### WHAT NEEDS TO BE DONE
Exactly the lines from the one containing "First, I needed" through the end of the listing below are required, restated word for word and without pictures.

### DATASET EXTRACT

--

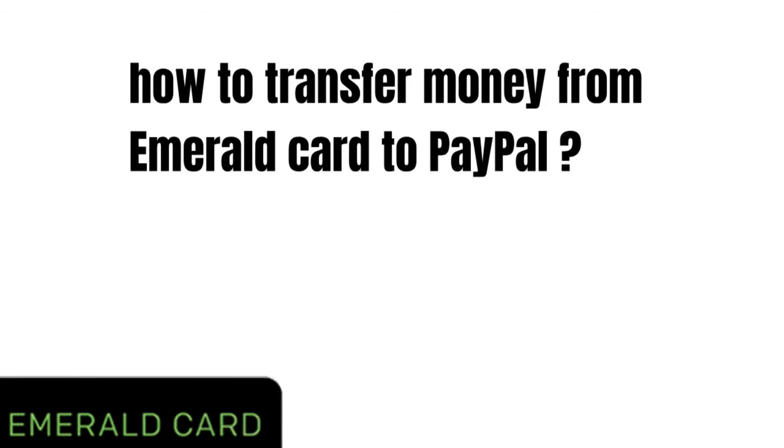Hey guys, how's it going today? Great to see you. In this short video we're going to talk about how to transfer money from Emerald card to PayPal.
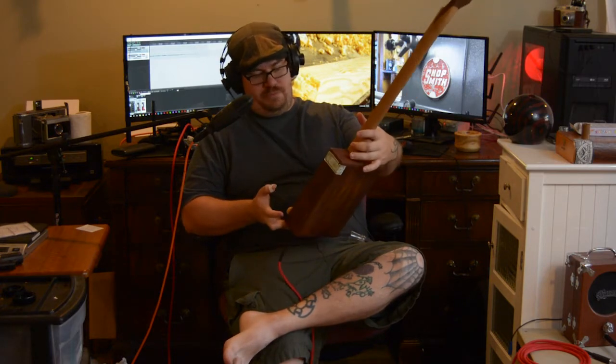There's that charm. And this is the Rocky Patel Edge — The Edge. Very cool box.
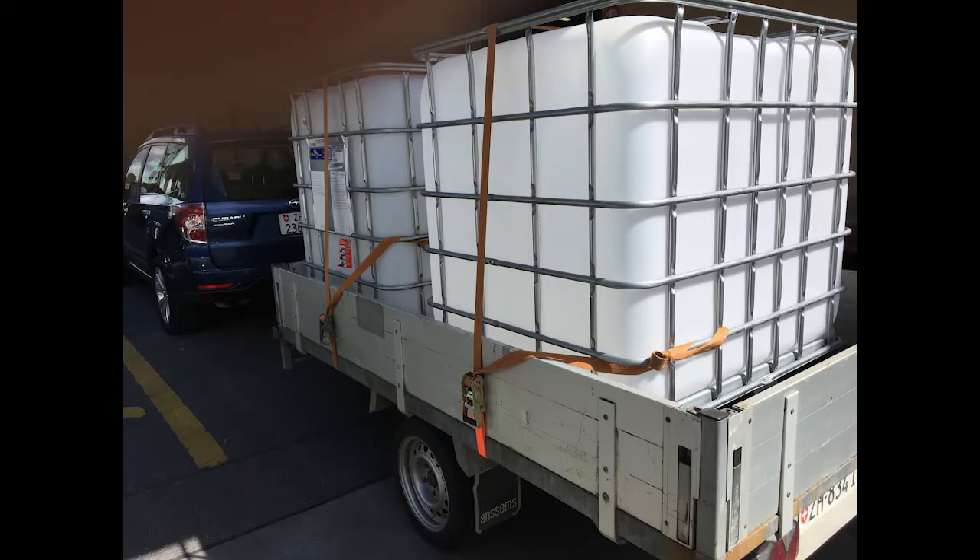First, I needed a tank, so I went to a food processor and got me two of these IBC tanks for 50 bucks each.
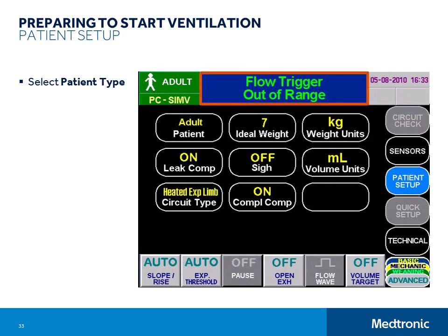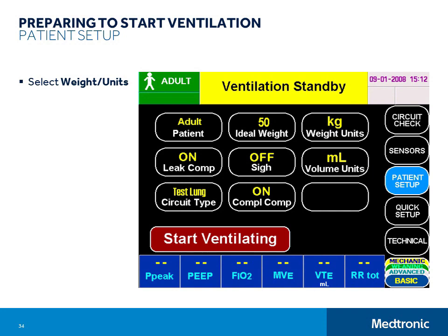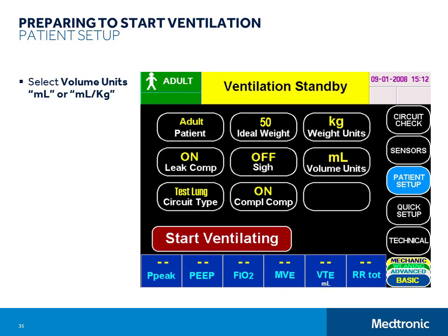The next step is to select Weight Units and Weight. If you intend to use the Quick Setup function for determining start-up ventilation and alarm settings, you will need to enter the patient's ideal body weight, which is calculated from their height and gender, and select the weight units in pounds or kilograms. If you do not intend to use the Quick Setup function, you can skip this step. If you have entered an ideal body weight, you can also choose to display exhaled tidal volume numeric displays in mL/kg instead of mL. Next, set the SI function on or off. The SI function gives a SI breath every 100 mandatory volume control breaths. The SI tidal volume is 1.5 times the set tidal volume.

--

### EXPECTED ANSWER
First, I needed a tank, so I went to a food processor and got me two of these IBC tanks for 50 bucks each.
The next step is to select Weight Units and Weight. If you intend to use the Quick Setup function for determining start-up ventilation and alarm settings, you will need to enter the patient's ideal body weight, which is calculated from their height and gender, and select the weight units in pounds or kilograms. If you do not intend to use the Quick Setup function, you can skip this step. If you have entered an ideal body weight, you can also choose to display exhaled tidal volume numeric displays in mL/kg instead of mL. Next, set the SI function on or off. The SI function gives a SI breath every 100 mandatory volume control breaths. The SI tidal volume is 1.5 times the set tidal volume.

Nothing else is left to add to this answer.